Matt reckoned it would take five hours to make the four-page script, and we pretty much hit that – the audience of extras being shot first so that they could leave sooner rather than later. It was an experience for me, having to learn and repeat lines take after take after take, and I was unexpectedly exhausted by the end of it. By the time we did the final dialogue recording I was having to be prompted constantly as I tripped over my lines – another reason to do the audience stuff first and not make them suffer watching that. We ended with a suggested opening shot that wasn’t in the script, and the first take was suitably silly that I think it’ll work really well – I woke up the next day feeling really positive about the opening sequence and how it will all come together. Provided the footage all ties together in the edit, the rest of it might be okay too… Every now and then I think back to a specific action or reaction and it makes me laugh aloud, so I hope everyone else likes it that much when it’s done.
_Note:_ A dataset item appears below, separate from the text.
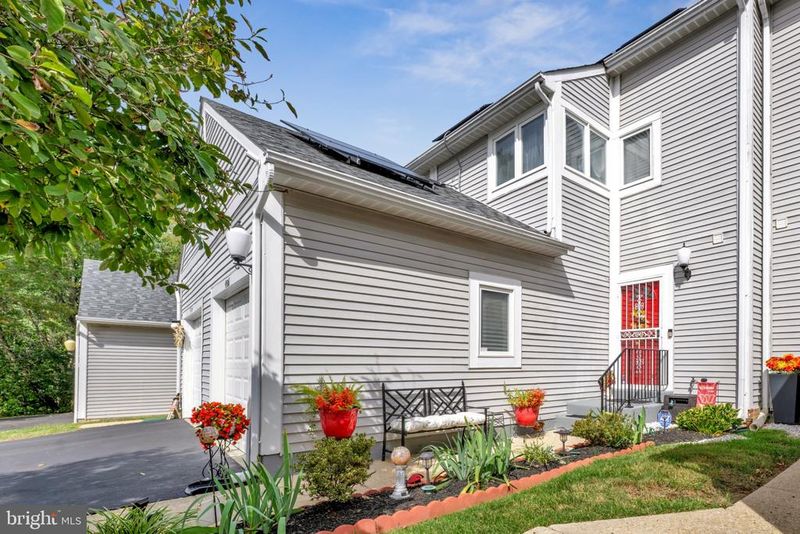 4506 Four Seasons Pl, Oxon Hill, MD 20745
Matt and his crew had some nice wee touches that they suggested, for my performance and the improvement of a couple of lines, and I trust them to have shot good stuff that will look excellent. That’s their thing, and so I’ve tried to stay out of it as much as possible – everything I want I wrote into the script, and the only suggestions I’ve made to them relate to additional footage we shot and how I’d like it used/integrated. We only missed one thing, as far as I know, which was a joke I really wanted to do, but they didn’t incorporate it from the start and so it would have meant reshoots of too much to make it work. We did get a shot or two that might work, hopefully, and in truth if we only lose that one joke but add in a couple of new ones, I’ll still be very happy with it.
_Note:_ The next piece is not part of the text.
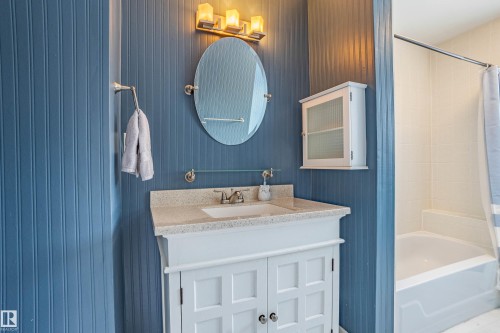 38 Gresham Boulevard, St. Albert, AB - Indoor Photo Showing Bathroom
It’ll be a fortnight before he even looks at it, as he has work to keep him busy until then, and that’s when he’ll assemble a rough cut for me to go and see. We’ll discuss any changes that might need made, as well as thinking about the additional dialogue and sound effects we’ll have to record. We got all of the scripted dialogue and reaction shots though, so I have faith. I’m now just champing at the bit to get it done and out there – I really think it will interest (and amuse) a good number of people. It’s certainly different.
Meantime, it just remains for me to thank everyone who helped out: Joe Hullait, Keiron Nicholson, Lauren McDerment, Lynne McKinstray, John “Malky” Mitchell, Simon Sinclair, Jennifer Snodgrass, Erik Sund, Phil Topping, Ed Whitley, and all of the Production Attic crew. As soon as the film is ready, you’ll be the first to know. Personally, I can’t wait to see it.